"Lebanon has had a very bad harvest, which means that food prices are rising, making it very hard for the very poorest in society," he said.
"That is why the labour unions called for this protest to take place today."
Pro-government political groups and labour unions called on people to ignore the strike, while the opposition called on people to join a demonstration in Beirut later on Wednesday.
|Siniora has come under increasing pressure |
from the Hezbollah-led opposition [AFP]
Labour unions at Beirut airport were taking part in the one-day strike, announcing a six-hour work stoppage starting mid-morning.
The strike has so far been largely confined to Shia Muslim areas of Beirut and its southern suburbs, where Hezbollah has strong support.
But in central Beirut, opposition supporters burned tyres only a few blocks from the office of Fouad Siniora, Lebanon's prime minister.
Opposition supporters have held a sit-in political demonstration in downtown Beirut since December 2006, shortly after Hezbollah pulled its representatives out of Siniora's cabinet.

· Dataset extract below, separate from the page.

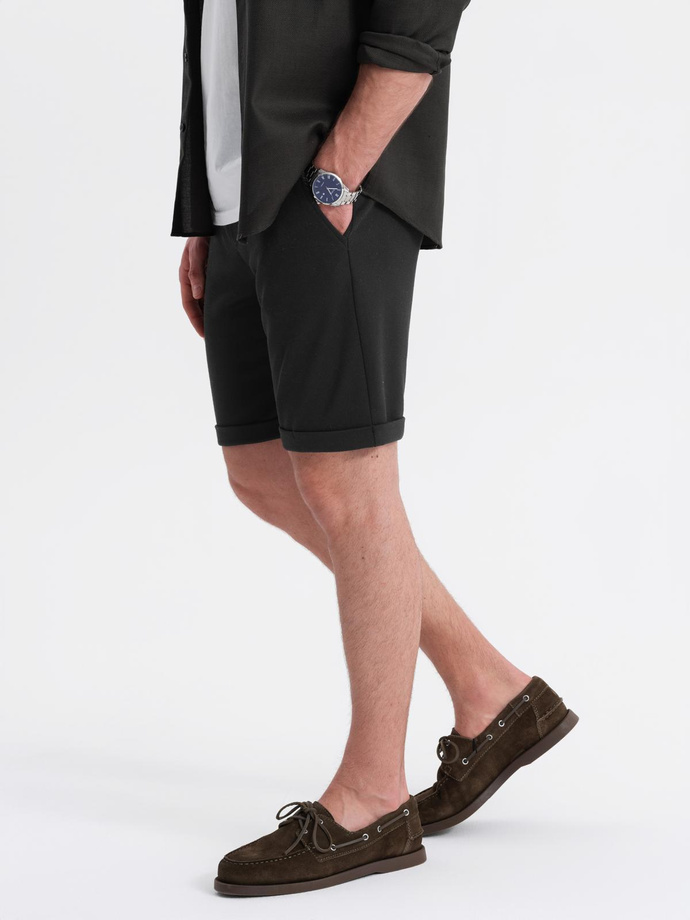 Men's knit shorts with rolled up legs - black V2 OM-SRCS-0170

The action comes a day after the Lebanese prosecutor-general declared that he intended to pursue people and institutions with Hezbollah's private telecommunications network.
The government says that the network is being used by Hezbollah for military purposes, calling it illegal and a threat to state security.
The Lebanese cabinet also decided to remove Beirut airport's security chief over alleged ties to Hezbollah.
That came after the ruling political bloc alleged that Hezbollah had stationed surveillance cameras close to the airport's runways.
Hezbollah and Shia political and religious leaders have rejected the government's allegations.
The Lebanese government says Hezbollah is trying to set up a state-within-a-state, while Hezbollah says the majority bloc in parliament is too close to the United States.
Hezbollah, which is supported by Syria and Iran, is listed as a terrorist group by the United States and Israel.
Lebanon has been without a president since November. The opposition has boycotted 17 parliamentary sessions to formally select a new president, citing problems with power sharing in the cabinet.